● To do
Locate the word "about" in the data below, then copy every line that holds it.

● Extracted data
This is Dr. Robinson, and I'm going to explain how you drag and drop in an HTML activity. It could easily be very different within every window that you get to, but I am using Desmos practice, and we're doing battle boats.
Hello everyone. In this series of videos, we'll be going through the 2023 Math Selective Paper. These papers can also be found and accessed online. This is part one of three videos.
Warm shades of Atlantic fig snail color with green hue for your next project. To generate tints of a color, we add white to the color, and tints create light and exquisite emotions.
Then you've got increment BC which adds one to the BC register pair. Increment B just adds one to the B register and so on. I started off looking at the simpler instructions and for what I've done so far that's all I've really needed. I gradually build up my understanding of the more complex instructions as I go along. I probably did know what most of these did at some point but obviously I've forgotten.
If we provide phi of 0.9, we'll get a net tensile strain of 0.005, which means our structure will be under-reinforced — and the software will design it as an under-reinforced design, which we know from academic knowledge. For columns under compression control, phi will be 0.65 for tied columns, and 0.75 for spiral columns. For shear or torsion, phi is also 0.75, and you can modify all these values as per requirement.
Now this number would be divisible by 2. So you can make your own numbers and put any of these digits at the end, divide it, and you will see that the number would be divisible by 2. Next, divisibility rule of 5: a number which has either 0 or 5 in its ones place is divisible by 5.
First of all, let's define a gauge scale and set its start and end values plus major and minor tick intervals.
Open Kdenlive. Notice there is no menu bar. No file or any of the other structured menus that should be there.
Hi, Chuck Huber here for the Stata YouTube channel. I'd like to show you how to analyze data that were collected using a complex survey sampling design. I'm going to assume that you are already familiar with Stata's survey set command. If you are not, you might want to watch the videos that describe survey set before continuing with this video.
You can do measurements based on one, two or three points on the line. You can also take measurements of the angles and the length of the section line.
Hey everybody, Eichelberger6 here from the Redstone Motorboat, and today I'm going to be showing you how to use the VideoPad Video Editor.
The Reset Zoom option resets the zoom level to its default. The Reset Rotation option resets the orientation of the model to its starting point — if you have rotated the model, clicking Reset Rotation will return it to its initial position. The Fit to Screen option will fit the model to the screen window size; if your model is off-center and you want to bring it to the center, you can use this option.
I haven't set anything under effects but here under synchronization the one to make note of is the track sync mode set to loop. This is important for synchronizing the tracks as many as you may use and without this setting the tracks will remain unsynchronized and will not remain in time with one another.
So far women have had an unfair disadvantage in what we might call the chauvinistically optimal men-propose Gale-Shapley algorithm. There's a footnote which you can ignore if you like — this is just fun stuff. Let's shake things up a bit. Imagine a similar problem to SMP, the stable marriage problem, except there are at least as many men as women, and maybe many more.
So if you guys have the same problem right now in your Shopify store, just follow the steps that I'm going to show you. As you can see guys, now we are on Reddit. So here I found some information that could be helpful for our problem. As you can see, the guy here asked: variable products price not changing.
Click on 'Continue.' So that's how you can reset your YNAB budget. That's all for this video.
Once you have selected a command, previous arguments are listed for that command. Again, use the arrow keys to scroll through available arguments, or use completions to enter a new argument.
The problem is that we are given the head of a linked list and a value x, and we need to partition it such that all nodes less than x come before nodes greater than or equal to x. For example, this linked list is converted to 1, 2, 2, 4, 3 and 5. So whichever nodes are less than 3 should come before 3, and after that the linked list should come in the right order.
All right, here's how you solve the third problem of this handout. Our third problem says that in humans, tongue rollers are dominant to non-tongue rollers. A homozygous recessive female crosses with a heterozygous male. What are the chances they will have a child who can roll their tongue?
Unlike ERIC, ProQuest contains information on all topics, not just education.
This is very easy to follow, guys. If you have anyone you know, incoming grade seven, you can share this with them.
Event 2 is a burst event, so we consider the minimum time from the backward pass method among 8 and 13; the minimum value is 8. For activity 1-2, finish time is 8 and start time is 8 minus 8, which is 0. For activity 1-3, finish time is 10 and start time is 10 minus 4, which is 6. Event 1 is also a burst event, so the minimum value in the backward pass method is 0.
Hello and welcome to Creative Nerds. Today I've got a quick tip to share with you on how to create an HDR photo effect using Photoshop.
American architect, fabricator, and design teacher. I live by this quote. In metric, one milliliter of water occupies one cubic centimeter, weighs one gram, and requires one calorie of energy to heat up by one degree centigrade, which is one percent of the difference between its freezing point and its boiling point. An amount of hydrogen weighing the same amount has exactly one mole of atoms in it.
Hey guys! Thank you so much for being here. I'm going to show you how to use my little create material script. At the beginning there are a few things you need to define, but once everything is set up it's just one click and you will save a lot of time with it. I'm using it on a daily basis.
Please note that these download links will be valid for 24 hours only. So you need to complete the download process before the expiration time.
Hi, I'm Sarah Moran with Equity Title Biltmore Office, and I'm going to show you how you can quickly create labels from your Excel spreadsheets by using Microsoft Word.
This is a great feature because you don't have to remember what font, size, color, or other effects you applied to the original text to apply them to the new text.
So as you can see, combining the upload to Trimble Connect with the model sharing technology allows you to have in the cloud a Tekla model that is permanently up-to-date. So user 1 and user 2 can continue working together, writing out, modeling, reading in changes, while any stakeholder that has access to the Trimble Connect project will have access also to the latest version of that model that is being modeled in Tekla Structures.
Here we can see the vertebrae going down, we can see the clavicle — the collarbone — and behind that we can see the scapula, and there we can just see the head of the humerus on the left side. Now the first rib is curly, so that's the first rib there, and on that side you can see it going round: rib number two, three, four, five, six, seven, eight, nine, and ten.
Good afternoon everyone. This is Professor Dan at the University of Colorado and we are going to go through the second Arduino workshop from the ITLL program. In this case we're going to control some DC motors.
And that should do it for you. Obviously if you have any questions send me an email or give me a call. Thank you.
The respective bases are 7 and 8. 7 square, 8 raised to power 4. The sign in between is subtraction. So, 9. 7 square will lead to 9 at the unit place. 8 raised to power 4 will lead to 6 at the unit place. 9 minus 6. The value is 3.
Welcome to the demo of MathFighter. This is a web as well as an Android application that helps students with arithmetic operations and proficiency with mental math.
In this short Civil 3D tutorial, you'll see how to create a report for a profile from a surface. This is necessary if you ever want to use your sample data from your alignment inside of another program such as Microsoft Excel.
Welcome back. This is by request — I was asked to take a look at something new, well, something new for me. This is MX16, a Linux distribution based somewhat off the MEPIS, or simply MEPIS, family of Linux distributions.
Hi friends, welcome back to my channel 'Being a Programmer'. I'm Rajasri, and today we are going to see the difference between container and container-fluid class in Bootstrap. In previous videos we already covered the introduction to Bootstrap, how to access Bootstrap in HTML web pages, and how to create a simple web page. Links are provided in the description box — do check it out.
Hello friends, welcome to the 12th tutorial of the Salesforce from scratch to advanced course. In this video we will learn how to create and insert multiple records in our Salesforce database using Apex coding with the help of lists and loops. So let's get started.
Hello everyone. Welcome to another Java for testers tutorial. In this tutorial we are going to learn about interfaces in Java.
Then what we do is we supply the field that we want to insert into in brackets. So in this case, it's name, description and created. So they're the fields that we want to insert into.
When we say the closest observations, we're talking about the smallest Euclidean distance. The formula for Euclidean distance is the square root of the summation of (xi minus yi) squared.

● Solution to the problem
Hello everyone. Welcome to another Java for testers tutorial. In this tutorial we are going to learn about interfaces in Java.
When we say the closest observations, we're talking about the smallest Euclidean distance. The formula for Euclidean distance is the square root of the summation of (xi minus yi) squared.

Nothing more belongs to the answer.